1. In this case the question arises in a proceeding before the Assistant Settlement Officer under Section 105, Ben. Ten. Act, The position is quite shortly this that the plaintiff has three causes of action. He puts forward a kabuliat as being the governing document of this tenancy and he asked first of all for Rs. 5 to be allowed because that sum of Rs. 5 was, on the basis of the terms of the kabuliat, a suspension of rent on account of 3 1/2 bighas of the holding being submerged under water at that time. He asked secondly for enhancement of rent because of rise in the price of the crops and he asked thirdly additional rent for additional area. There can be no doubt that the claim for Rs. 5 is a claim based upon the kabuliat ; that appears from the plaintiff's own claim before the Settlement Officer. The question of excess land is plainly a claim based upon the kabuliat not because he could not get it but for the kabuliat under the Bengal Tenancy Act but because it is immediately necessary to enquire exactly what land was then comprised within the kabuliat in order that one may know whether there has been an encroachment or not. The kabuliat contains the usual terms:

Whenever you so desire at any future time you will measure the land and for the land thus found out on measurement you will be competent to settle the jama according to the rates prevailing for the different classes of land in the village....

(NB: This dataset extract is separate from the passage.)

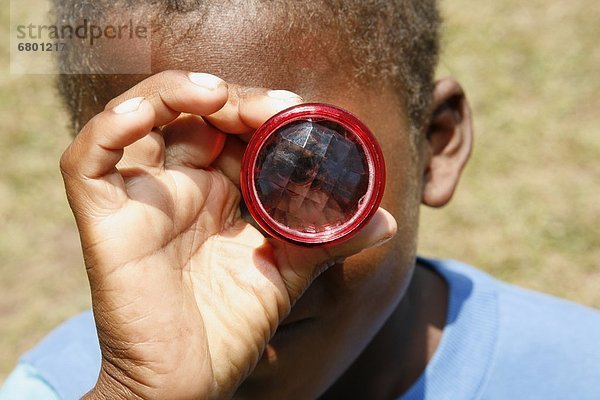 sehen  Junge - Person  Blick in die Kamera  blättern  Kaleidoskop  Nicaragua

2. Now in that kabuliat there was an interpolation:

measurement of the land will be made in accordance with the terms of this kabuliat by a rasi of 80 cubits, 1 cubit being equal to 18 inches.

3. It all depends upon the standard of measurement employed at the time of this kabuliat, what area was included in it and the plaintiff when he had his claim put forward under this kabuliat insisted upon it being accepted as the term of the tenancy including the interpolation.

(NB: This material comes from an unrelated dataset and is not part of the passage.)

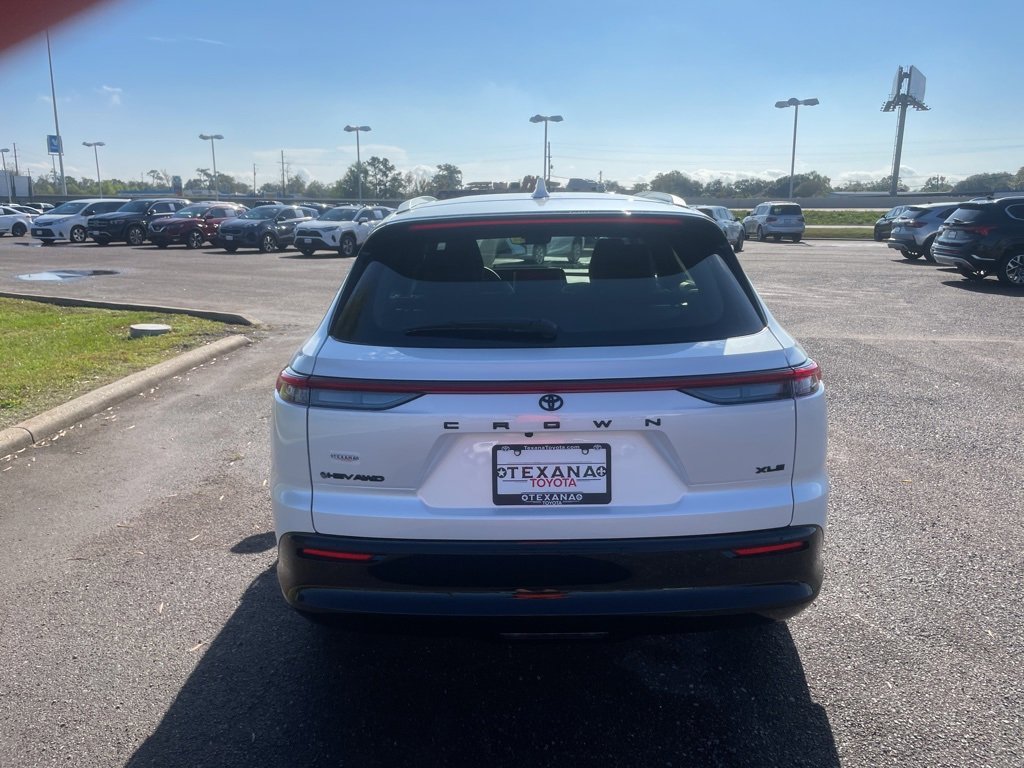 New 2025 Toyota Crown Signia image 6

4. Now the question arises because the lower appellate Court has found that the kabuliat itself is not a forgery altogether but that it is clear enough that this writing in the margin is a subsequent interpolation. In dealing with the kabuliat it appears that the interpolation must have been made by a person in whose possession the kabuliat was, namely from the side of the landlord and the doctrine which is relied on in this appeal is the doctrine laid down in the case of Master v. Miller [1891] 4 T.R. 320 a doctrine which has been stated in this way:

whenever any instrument is puposely altered by a person in lawful possession of it in a material part of it, the instrument is void for the purpose of enabling any person to sue on it or to defend himself by using it as a direct defence depending on its obligatory force as an instrument.

5. These are the words used by Brett, L. J., in Supfel v. Bank of England [1882] 9 Q.B.D. 555.

6. The lower appellate Court has held that the tenant has proved that he has held the tenancy at an unvarying rate of rent for over 20 years and when the tenant appeals to the presumption under Section 50, Ben. Ten. Act, that lower appellate Court holds that the claim would be good but for the fact that the kabuliat shows that the jama was created in 1275.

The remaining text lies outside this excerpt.